Establish rules and stick to them. Don’t give in to your dog’s every whim in the house but instead have him or her do something (anything!) to earn their organic food, expensive toys and shared couch time. You can still spoil your dog. Just do so for good behavior; not pushy or demanding behavior. Barking, pawing and nudging are all demanding but so is staring. If you have tried this unsuccessfully, I find it works best if you make a plan. Rather than wait for your dog to jump on the couch and you chase him OFF; set aside a couple minutes a day to play the On & Off Game. Have your dog “sit” and “wait” then invite him on the couch. Happily say “off” and REWARD for jumping off. No need to treat for jumping on the couch, it is a reward all on it’s own. But, treating for jumping off the couch tells your dog that good things happen when he does just that.

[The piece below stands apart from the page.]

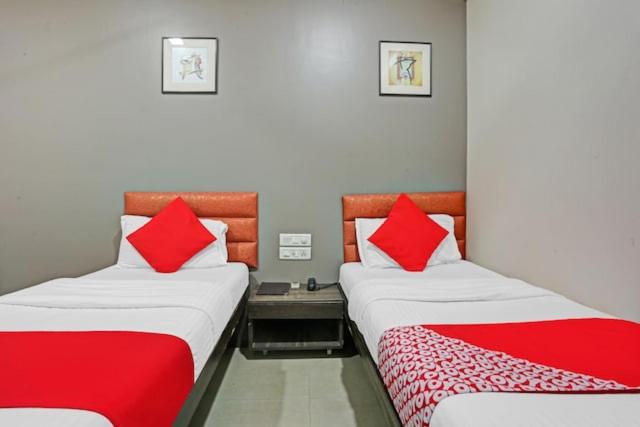Hotel Amfahh - Andheri West Railway Station photo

Don’t bring out the big guns. It is very common when a dog is growling over a bone to want to bring out that particular item to practice “leave it” and “drop” it. However, training is practicing cues in a setting where the dog can be successful. If your dog is lunging and baring teeth over a bone; it is not practice to try a “drop” with that bone. Build up skills with other items first and always use common sense. I like to build strong “leave it” and “drop” daily with easy items before even getting close to more serious items to prevent any injury.
Teach your dog that good things happen. You can stick your hand in a VERY young puppy’s food bowl (four months and younger). However, if your dog is older than that AND growling over food, do not stick your hands in their food while they are eating! You are doing exactly what your dog is terrified you will do…steal their food. Instead, before putting the bowl down take half of the food and sit it on your kitchen counter. Have your dog “sit” and “wait” before placing the other half on the ground. As he is eating, toss a piece in and walk away. Repeat and keep yourself at a nice distance to prevent ANY tension. Remember you are teaching your dog to LOVE you coming towards the bowl, not become defensive.
Resources can change and growling is a last resort for many dogs. Educate yourself on what your dog is trying to communicate to prevent putting him or you in this awful position and practice your training everyday so your dog learns it’s fun to look to you.